Please write out exactly the lines that begin at the line containing "GUCCI 經典logo帆布棕色托特包 老花-15" and run to the end of the records.

▼▼▼

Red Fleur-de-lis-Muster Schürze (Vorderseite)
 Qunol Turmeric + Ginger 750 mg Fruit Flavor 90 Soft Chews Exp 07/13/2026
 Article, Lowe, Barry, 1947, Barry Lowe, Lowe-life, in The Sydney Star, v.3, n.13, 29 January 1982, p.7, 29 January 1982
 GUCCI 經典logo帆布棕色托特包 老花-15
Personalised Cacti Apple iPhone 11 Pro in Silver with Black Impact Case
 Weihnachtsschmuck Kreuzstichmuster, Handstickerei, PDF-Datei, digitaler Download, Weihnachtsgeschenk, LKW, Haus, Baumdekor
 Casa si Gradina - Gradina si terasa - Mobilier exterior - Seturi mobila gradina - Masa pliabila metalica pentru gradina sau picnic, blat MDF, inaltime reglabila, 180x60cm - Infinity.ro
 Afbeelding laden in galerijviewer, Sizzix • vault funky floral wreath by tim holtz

▲▲▲

=== Response for this exercise ===
 GUCCI 經典logo帆布棕色托特包 老花-15
Personalised Cacti Apple iPhone 11 Pro in Silver with Black Impact Case
 Weihnachtsschmuck Kreuzstichmuster, Handstickerei, PDF-Datei, digitaler Download, Weihnachtsgeschenk, LKW, Haus, Baumdekor
 Casa si Gradina - Gradina si terasa - Mobilier exterior - Seturi mobila gradina - Masa pliabila metalica pentru gradina sau picnic, blat MDF, inaltime reglabila, 180x60cm - Infinity.ro
 Afbeelding laden in galerijviewer, Sizzix • vault funky floral wreath by tim holtz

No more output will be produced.